Bruhl shook his head. 'It was too dark,' he said.

'And heard no more?'

'No.'

'Do I understand, then,' the Marquis continued slowly, 'that M. de Marsac is arrested because the priest--God rest his soul!--cried to him for help?'

'For help?' M. de Retz exclaimed fiercely.

'For help?' said the king, surprised. And at that the most ludicrous change fell upon the faces of all. The king looked puzzled, the Duke of Nevers smiled, the Duke of Mercœur laughed aloud. Crillon cried boisterously, 'Good hit!' and the majority, who wished no better than to divine the winning party, grinned broadly, whether they would or no.

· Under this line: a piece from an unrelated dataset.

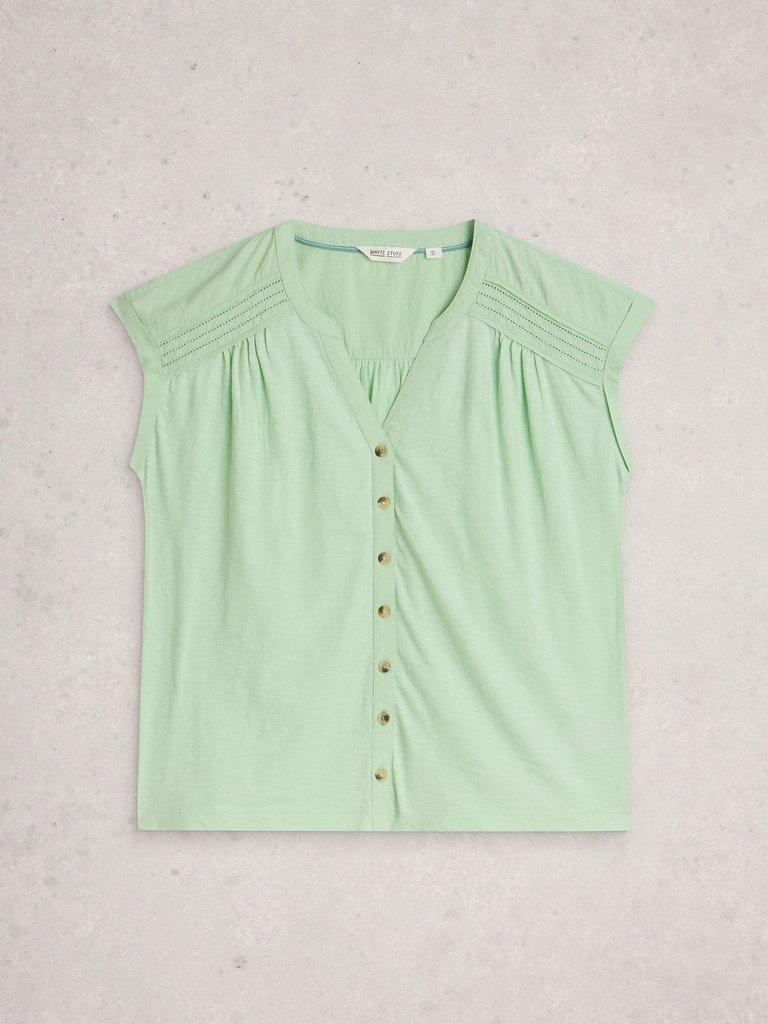 BILLIE BUTTON SHIRT in LGT GREEN - FLAT FRONT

To Marshal Retz, however, and Bruhl, that which to everyone else seemed an amusing retort had a totally different aspect; while the former turned yellow with chagrin and came near to choking, the latter looked as chapfallen and startled as if his guilt had been that moment brought home to him. Assured by the tone of the monk's voice--which must, indeed, have thundered in his ears--that my name was uttered in denunciation by one who thought me his assailant, he had chosen to tell the truth without reflecting that words, so plain to him, might bear a different construction when repeated.

'Certainly the words seem ambiguous,' Henry muttered.

'But it was Marsac killed him,' Retz cried in a rage.

'It is for some evidence of that we are waiting,' my champion answered suavely.